Aynı mahallede bulunan komşu okulların bile eğitim başarısı arasında uçurumlar varken, mahalle dışı okul arayışlarının sahte adres beyanlarının önüne nasıl geçilecek? Belli değil.

Ailelerin, şimdiden kaliteli okula göre ev arayışları başladı ki elmam piyasası epey hareketli olacak gibi görünüyor.

Bina sorunları bir şekilde giderildi diyelim.

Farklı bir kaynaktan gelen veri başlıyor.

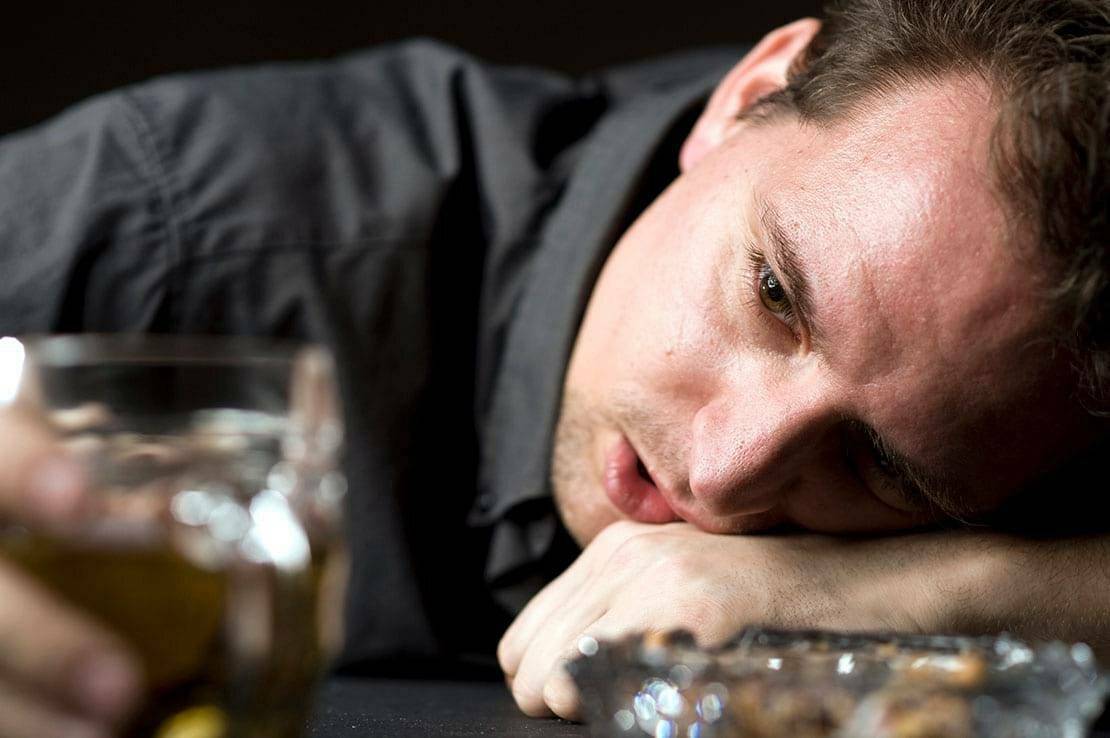 Как избавиться от похмелья, что делать если плохо после пьянки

Peki, buna uygun kontenjanlar artıp öğretmen açığı giderilecek mi? Şimdilik konuşulmuyor.

Her şeyden önemlisi de bu sistemin önümüzdeki süreçte sınavsız eğitimin önünü açacağı iddia ediliyor ama mümkün değil. Her halükarda sınav şart ve kaçınılmaz. Fakat hala veliler özel kurs, özel ders aldıralım mı aldırmayalım mı kararını veremiyor.

Dediğim gibi, yeni eğitim öğretim yılının ilk yarısı belirsizliklerle başlamıştı, ikinci yarıyıl için de belirsizlikler devam ediyor.

Eğitimde, göç yolda düzülür anlayışı, bu kez de hayal kırıklığı olacağa benziyor.

ÖĞRETMEN ATAMALARI SIKINTILI

Eğitim çalışanları arasındaki barışı dinamitleyen ve haliyle eğitim sistemini en çok etkileyen icraatlardan bir diğeri de sözleşmeli ve mülakatla öğretmen alımı…

Torpile açık ve şeffaflıktan uzan alması, yandaşlığa sevk etmesi, pek çok öğretmenin hakkının bir şekilde yenmesi kabul edilebilir bir uygulama değil ama Bakanlık bu konuda tavuz vermiyor.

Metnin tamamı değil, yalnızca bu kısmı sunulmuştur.